Do Terra Magazine
Bangladesh: das grifes do rock às do vestuário
Rui Daher
No dia 1º de agosto de 1971, 40 mil pessoas compareceram ao Madison Square Garden, em Nova York, para assistir a um concerto destinado a recolher fundos para Bangladesh. O país estava devastado após nove meses de guerra civil até conquistar a independência.
Organizados por George Harrison, estiveram lá grifes do rock, como Eric Clapton, Ringo Starr, Bob Dylan, Billy Preston, o músico indiano Ravi Shankar.
Quatro décadas depois, outras são as grifes associadas a Bangladesh.
Montadas em trabalhadores que têm como salário mínimo US$ 38 por mês (R$ 87 no câmbio atual), um quarto do recebido na econômica China, lá fazem suas fabricações tanto marcas de prestígio, como Armani, Ralph Lauren, Calvin Klein, Tommy Hilfiger e Hugo Boss, como populares Gap, Zara e Walmart.
A indústria do vestuário fatura US$ 20 bilhões por ano, em Bangladesh.

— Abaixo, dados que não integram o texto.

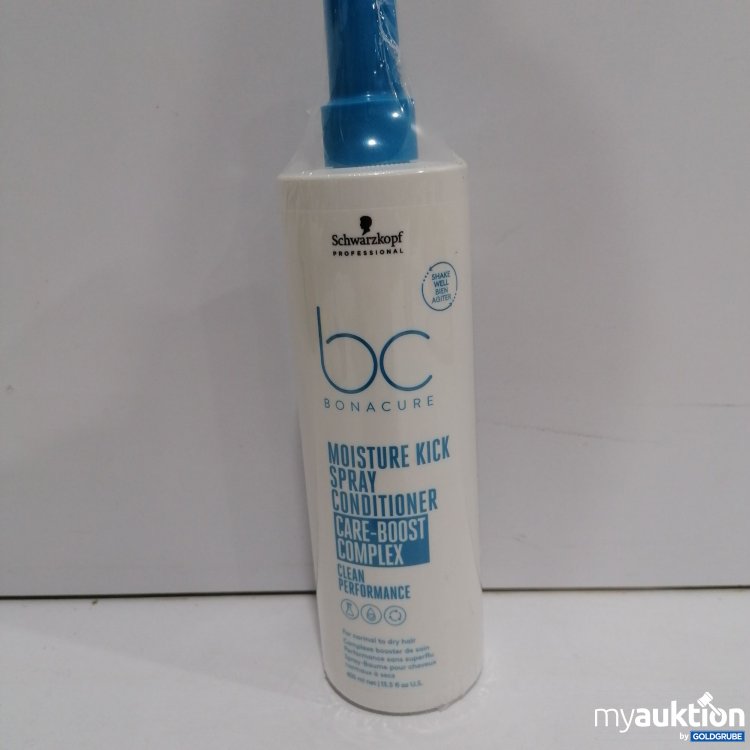 Artikel Nr. 877403: Schwarzkopf Moisture Kick Spray 400ml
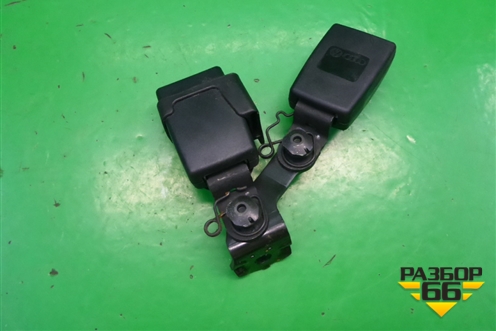 Замок ремня безопасности задний (4G0857739) для Audi Q3 с 2011-2018г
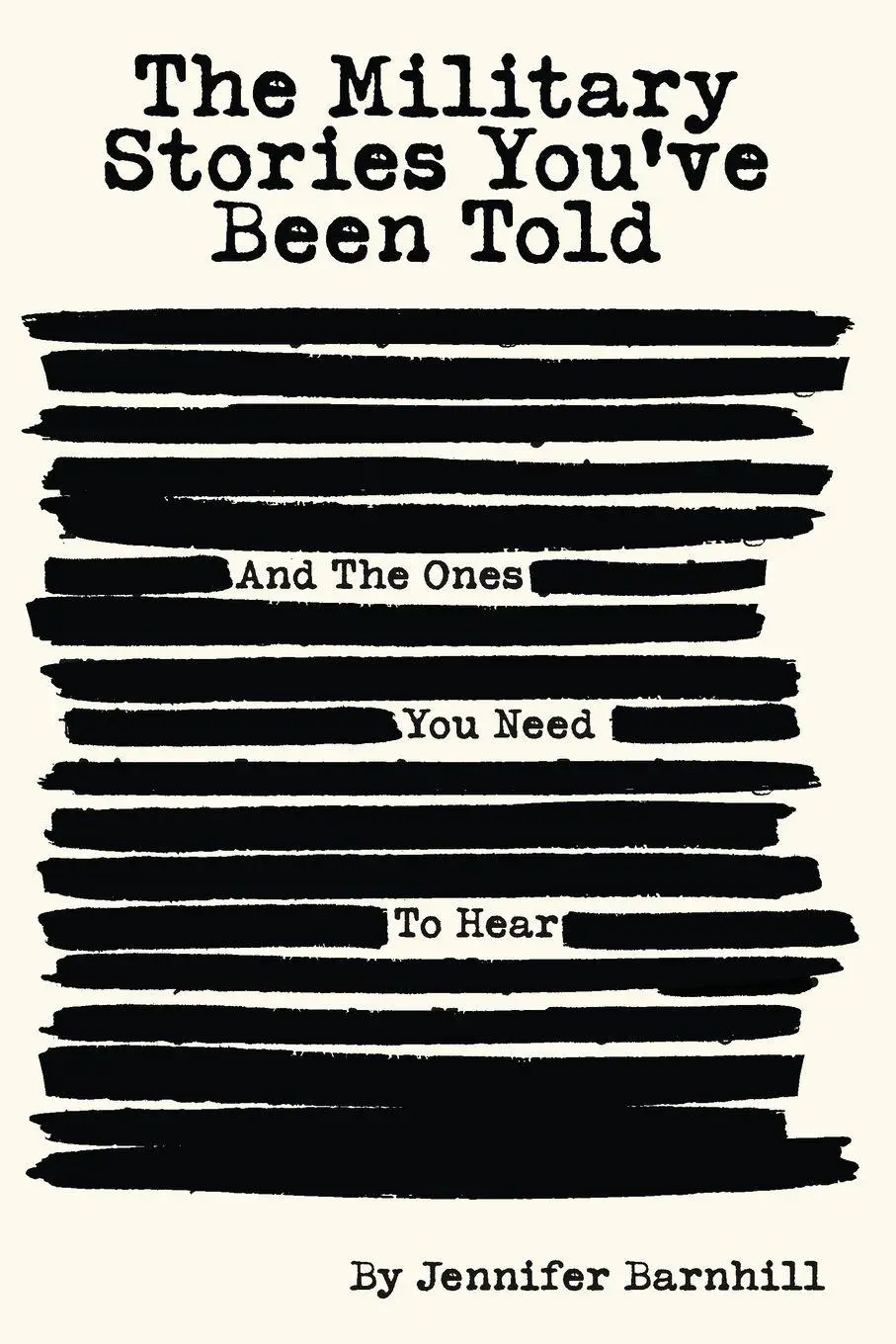 Cover: 9798330283361 | The Military Stories You've Been Told and the Ones You Need to Hear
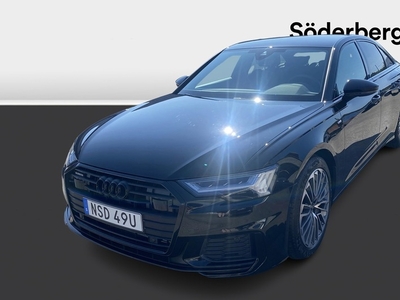Audi A6Sedan 55 TFSI e quattro S LINE 2023, Sedan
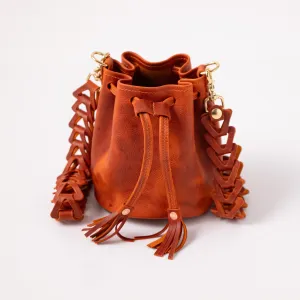 Brick Kodiak Mini Bucket Bag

Uma camiseta feita na mesma fábrica, com a mesma matéria-prima, pela mesma costureira, quando chega a Londres, pode custar seis ou noventa dólares. Depende da marca.

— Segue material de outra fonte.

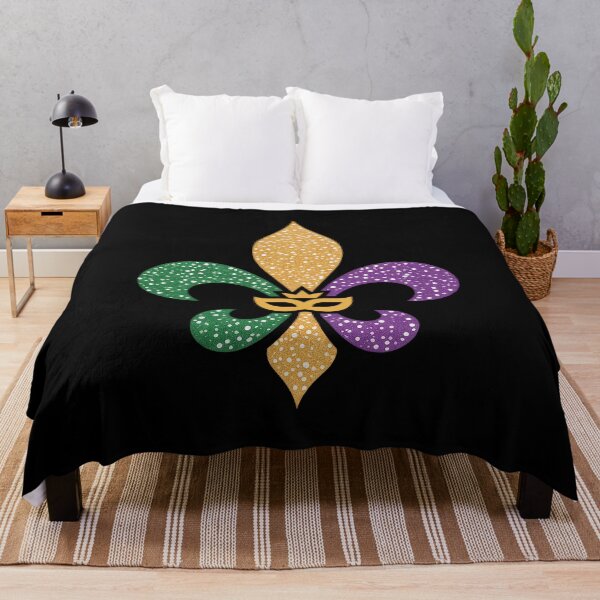 Item preview, Fleur De Lys Symbol Mardi Gras Party Women Men designed and sold by joedavila.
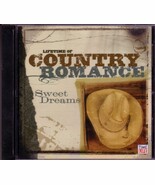 Time Life Classic Country Romance Sweet Dreams ( CD ) 2 CD Set - $8.50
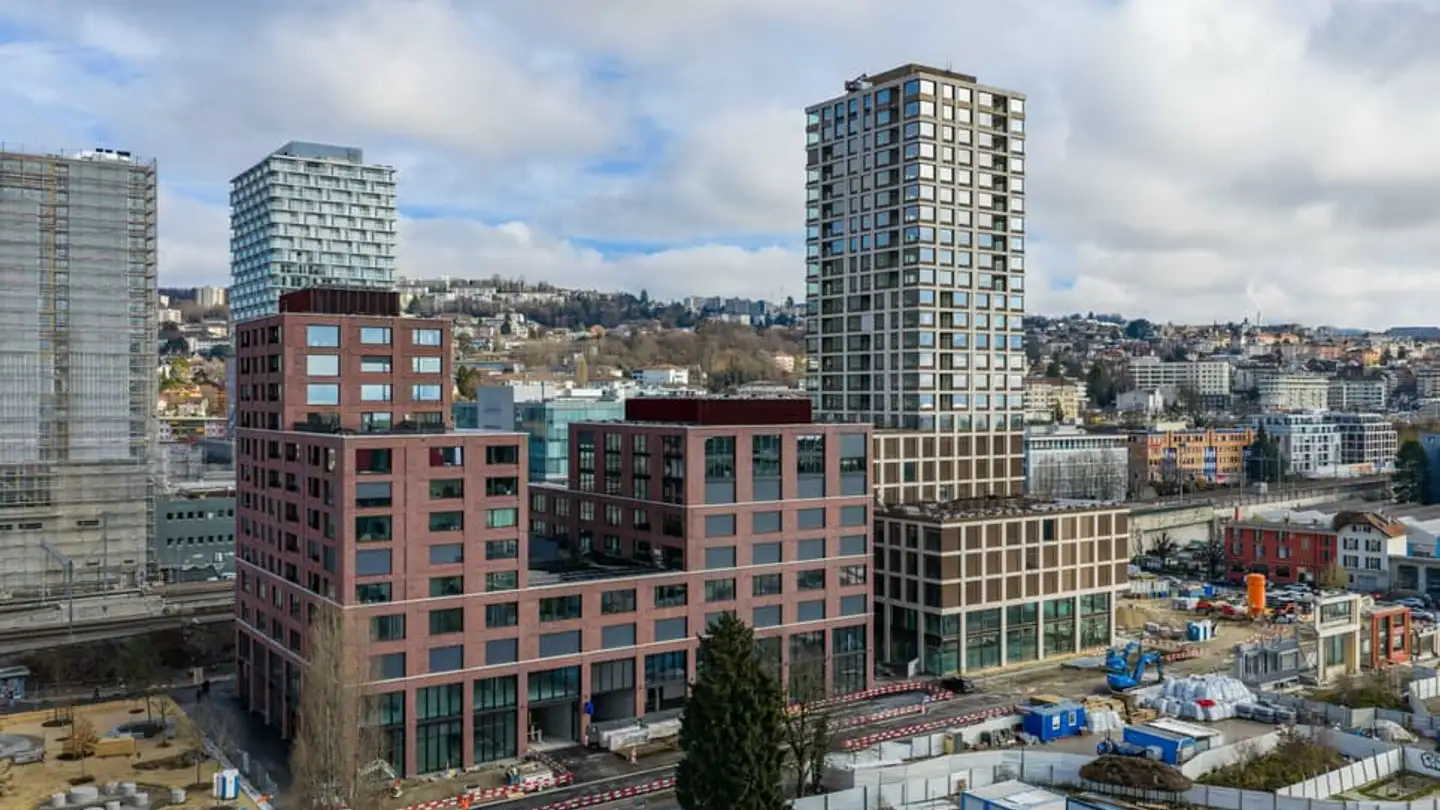 Commercial for rent - 1008 Prilly - Photo 4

Ser grife faz a diferença, e não os fatores de produção. Nem mesmo a matéria-prima importa muito. O algodão puro pode custar 10 vezes menos do que uma mistura de algodão e viscose, desde que “de marca”, como se adora falar no Brasil.
Isso faz de tresloucados consumidores perfeitos idiotas em qualquer parte do planeta. No Brasil, então, esse jequismo se mostra exponencial.
Amigo recém-chegado de Londres notou em lojas de aeroporto, reconhecidamente exploradoras, uma camisa polo de grife com preço de US$ 55,00 (R$ 125,00). Pela mesma camisa, em São Paulo, ele pagaria R$ 280,00.
Diferenças como essa se estendem a vários itens do consumo supérfluo, no Brasil. Vestuário, diárias em hotéis, restaurantes ditos sofisticados, passagens aéreas.
A cidade de São Paulo tem-se esforçado para se tornar uma das mais caras do mundo, o que permite justificativa “racional” a quem prefere fazer suas compras no exterior.
Indústria e comércio não se fazem de rogados e jogam a culpa em costas alheias: carga tributária, produtividade do trabalho, tarifas e falência dos serviços públicos.
Também. Mas será hipocrisia aí não incluir suas margens de lucros, permitidas pela fé cega de haver bobos suficientes para pagarem o preço pedido.
Falta-nos a faca amolada que, em outros países, vem na forma de boicote aos exploradores.
Como atualmente só conseguimos conversar através de manifestações, que centram fogo nos poderes públicos e poupam a iniciativa privada, seria o caso de a elite consumidora chique, ou aqueles que pretendem imitá-la, programarem protestos na Rua Oscar Freire ou em shoppings de luxo.
Usem o gancho fornecido por aqueles que recentemente levantaram cartazes pedindo a volta dos militares ao poder.
Por que não, entre os de alto poder aquisitivo, no lugar da Marcha da Família com Deus pela Liberdade, a Marcha com Bangladesh pelos sem Ermenegildo Zegna?